### Supplied records
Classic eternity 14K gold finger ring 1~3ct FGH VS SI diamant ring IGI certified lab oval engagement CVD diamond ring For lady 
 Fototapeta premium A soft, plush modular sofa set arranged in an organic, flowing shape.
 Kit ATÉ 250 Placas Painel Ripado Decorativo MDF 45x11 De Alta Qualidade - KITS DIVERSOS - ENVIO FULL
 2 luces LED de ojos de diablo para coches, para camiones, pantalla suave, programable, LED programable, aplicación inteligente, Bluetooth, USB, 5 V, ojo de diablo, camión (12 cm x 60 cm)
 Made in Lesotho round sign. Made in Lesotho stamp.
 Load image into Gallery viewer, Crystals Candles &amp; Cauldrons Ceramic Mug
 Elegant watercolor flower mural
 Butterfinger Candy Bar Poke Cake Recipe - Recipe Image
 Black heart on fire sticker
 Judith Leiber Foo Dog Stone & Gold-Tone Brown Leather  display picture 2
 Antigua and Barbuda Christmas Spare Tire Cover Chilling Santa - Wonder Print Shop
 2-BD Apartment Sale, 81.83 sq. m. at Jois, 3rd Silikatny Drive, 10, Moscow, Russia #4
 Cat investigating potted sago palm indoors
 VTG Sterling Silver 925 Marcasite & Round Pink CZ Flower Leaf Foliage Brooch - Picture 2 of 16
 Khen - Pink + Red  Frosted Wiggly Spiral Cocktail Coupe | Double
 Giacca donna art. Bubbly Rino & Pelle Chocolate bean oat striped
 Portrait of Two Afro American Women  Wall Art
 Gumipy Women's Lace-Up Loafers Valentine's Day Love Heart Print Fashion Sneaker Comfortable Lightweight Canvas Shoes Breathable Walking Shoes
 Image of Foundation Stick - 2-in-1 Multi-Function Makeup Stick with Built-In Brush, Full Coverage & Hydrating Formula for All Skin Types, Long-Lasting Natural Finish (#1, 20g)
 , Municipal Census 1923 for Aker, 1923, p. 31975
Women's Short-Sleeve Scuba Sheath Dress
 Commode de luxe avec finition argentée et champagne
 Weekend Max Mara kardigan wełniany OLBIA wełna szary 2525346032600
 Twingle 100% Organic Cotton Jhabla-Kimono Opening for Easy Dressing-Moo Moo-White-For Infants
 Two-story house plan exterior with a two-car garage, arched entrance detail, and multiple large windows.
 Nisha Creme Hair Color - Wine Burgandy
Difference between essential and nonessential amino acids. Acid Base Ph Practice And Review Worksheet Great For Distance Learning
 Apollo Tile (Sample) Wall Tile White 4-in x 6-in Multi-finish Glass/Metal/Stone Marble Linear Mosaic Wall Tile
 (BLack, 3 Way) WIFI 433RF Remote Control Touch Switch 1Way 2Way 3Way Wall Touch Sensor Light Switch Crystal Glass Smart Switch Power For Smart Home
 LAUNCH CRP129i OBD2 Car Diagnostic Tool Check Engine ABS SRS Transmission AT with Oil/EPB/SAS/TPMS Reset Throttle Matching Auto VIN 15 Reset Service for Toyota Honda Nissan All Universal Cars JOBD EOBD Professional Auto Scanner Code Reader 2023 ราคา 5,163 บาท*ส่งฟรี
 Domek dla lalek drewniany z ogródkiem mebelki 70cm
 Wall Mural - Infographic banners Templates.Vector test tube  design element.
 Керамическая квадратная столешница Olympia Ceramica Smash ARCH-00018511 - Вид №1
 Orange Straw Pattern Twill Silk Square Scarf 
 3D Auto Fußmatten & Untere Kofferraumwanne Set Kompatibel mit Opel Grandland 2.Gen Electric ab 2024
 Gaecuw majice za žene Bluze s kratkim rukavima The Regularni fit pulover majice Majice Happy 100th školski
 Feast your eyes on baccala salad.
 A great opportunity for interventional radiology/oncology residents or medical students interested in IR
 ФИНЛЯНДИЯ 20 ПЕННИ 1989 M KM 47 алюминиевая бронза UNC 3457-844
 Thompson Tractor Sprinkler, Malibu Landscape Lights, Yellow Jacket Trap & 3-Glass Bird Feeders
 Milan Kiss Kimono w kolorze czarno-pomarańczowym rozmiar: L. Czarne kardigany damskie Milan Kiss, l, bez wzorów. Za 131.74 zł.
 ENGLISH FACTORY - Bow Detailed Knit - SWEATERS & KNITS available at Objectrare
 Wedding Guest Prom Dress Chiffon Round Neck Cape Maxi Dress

### What you should do
Beginning with the line holding "Giacca donna art." and ending with the line holding "Image of Foundation", write out the stretch of material above exactly; add no further lines.

### Answer for the task
 Giacca donna art. Bubbly Rino & Pelle Chocolate bean oat striped
 Portrait of Two Afro American Women  Wall Art
 Gumipy Women's Lace-Up Loafers Valentine's Day Love Heart Print Fashion Sneaker Comfortable Lightweight Canvas Shoes Breathable Walking Shoes
 Image of Foundation Stick - 2-in-1 Multi-Function Makeup Stick with Built-In Brush, Full Coverage & Hydrating Formula for All Skin Types, Long-Lasting Natural Finish (#1, 20g)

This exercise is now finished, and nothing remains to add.